I thought maybe a better approach would be to let R do the guessing about type, using whatever logic it has built in to read.delim(). I started by unlisting the CSQ field to a plain-old character vector

csq <- unlist(info(vep)$CSQ)

The column headers can be added from the vcf object

headers <- sub(".*Format: ", "", info(header(vep))["CSQ", "Description"])
csq <- c(headers, csq)

The resulting character vector can be read in through a textConnetion()

input <- read.delim(textConnection(csq), sep="|", stringsAsFactors=FALSE)

(reading from a text connection used to be slow for large objects; a work-around would be writeLines(csq, fl <- tempfile()); read.delim(fl, ...)). This gave me

> input[3:4, 1:13]
  Allele           Consequence   IMPACT SYMBOL            Gene Feature_type
3      G upstream_gene_variant MODIFIER  PSMF1 ENSG00000125818   Transcript
4      T upstream_gene_variant MODIFIER  PSMF1 ENSG00000125818   Transcript
          Feature        BIOTYPE EXON INTRON HGVSc HGVSp cDNA_position
3 ENST00000381899 protein_coding   NA           NA    NA            NA
4 ENST00000381899 protein_coding   NA           NA    NA            NA
> sapply(input, class)
            Allele        Consequence             IMPACT             SYMBOL 
       "character"        "character"        "character"        "character" 
              Gene       Feature_type            Feature            BIOTYPE 
       "character"        "character"        "character"        "character" 
              EXON             INTRON              HGVSc              HGVSp 
         "logical"        "character"          "logical"          "logical" 
     cDNA_position       CDS_position   Protein_position        Amino_acids 
         "logical"          "logical"          "logical"          "logical" 
            Codons Existing_variation           DISTANCE             STRAND 
         "logical"          "logical"          "integer"          "integer" 
             FLAGS      SYMBOL_SOURCE            HGNC_ID 
       "character"        "character"        "character"

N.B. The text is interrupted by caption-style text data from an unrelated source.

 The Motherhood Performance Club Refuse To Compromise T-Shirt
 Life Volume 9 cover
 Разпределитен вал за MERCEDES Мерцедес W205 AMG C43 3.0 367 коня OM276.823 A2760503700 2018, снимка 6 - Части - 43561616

(Columns with all NAs are of class logical(); some of these don't seem to make sense). I then coerced the plain-old-data.frame to a DataFrame, so that I could get back the original geometry (using relist()) and replace the CSQ field

info(vep)$CSQ <- relist(DataFrame(input), info(vep)$CSQ)

The main advantage is that the rules for guessing about column classes are consistent with R's.

(I think this has ended up more a question than tutorial, so I'll re-assign it).